_Task prompt_
Once you reach the line containing "Gear Shifting Knob" in the data below, restate each line word for word up to and including the one containing "Mondrian Gold Coast".

_Exercise data_
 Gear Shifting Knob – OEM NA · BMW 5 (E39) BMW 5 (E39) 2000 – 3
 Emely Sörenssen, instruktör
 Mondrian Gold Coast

---

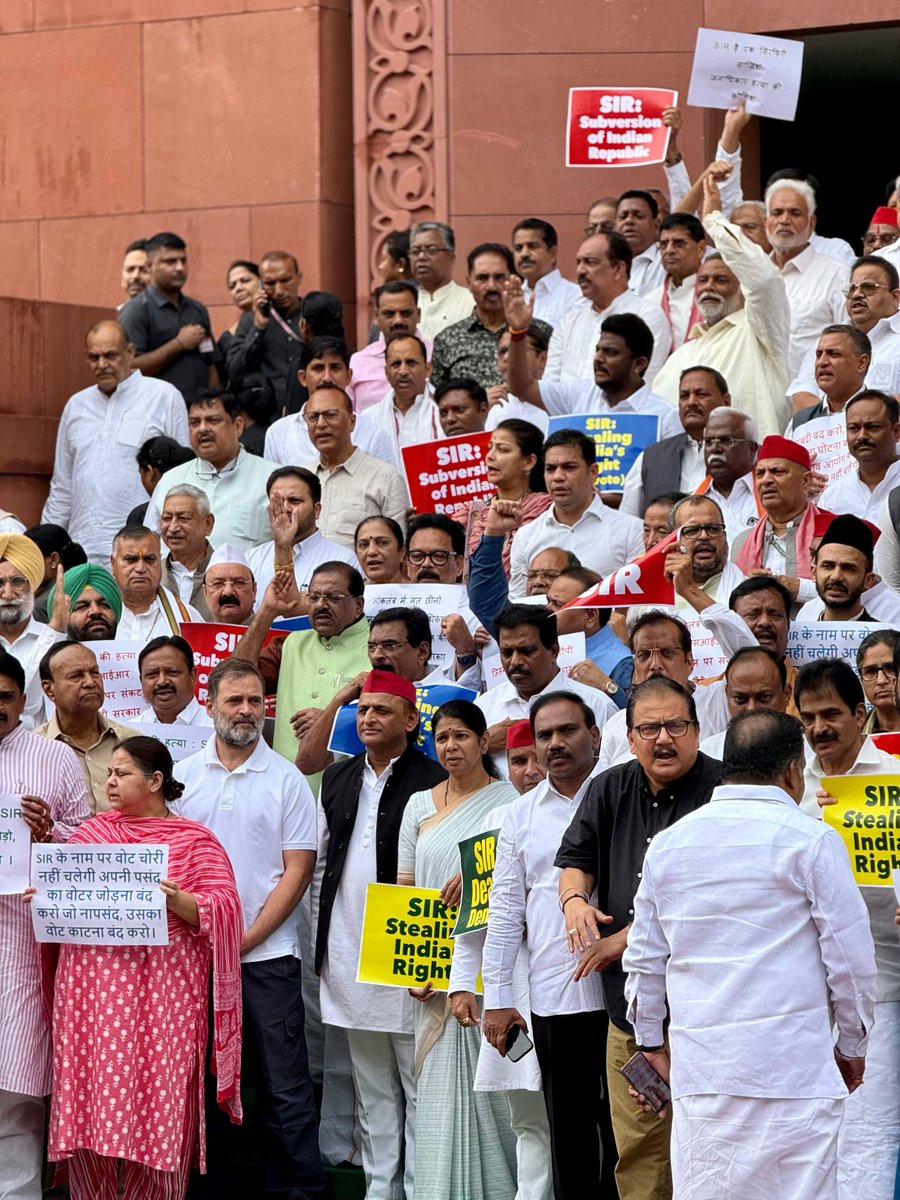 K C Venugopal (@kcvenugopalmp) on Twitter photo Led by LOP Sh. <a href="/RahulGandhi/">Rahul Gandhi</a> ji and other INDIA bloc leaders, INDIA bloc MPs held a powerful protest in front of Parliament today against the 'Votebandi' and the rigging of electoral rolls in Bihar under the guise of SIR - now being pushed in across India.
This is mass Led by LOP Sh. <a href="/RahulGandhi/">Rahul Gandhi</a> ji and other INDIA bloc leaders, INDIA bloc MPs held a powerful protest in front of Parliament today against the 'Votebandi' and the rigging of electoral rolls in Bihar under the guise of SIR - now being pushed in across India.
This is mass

_Result of the task_
 Gear Shifting Knob – OEM NA · BMW 5 (E39) BMW 5 (E39) 2000 – 3
 Emely Sörenssen, instruktör
 Mondrian Gold Coast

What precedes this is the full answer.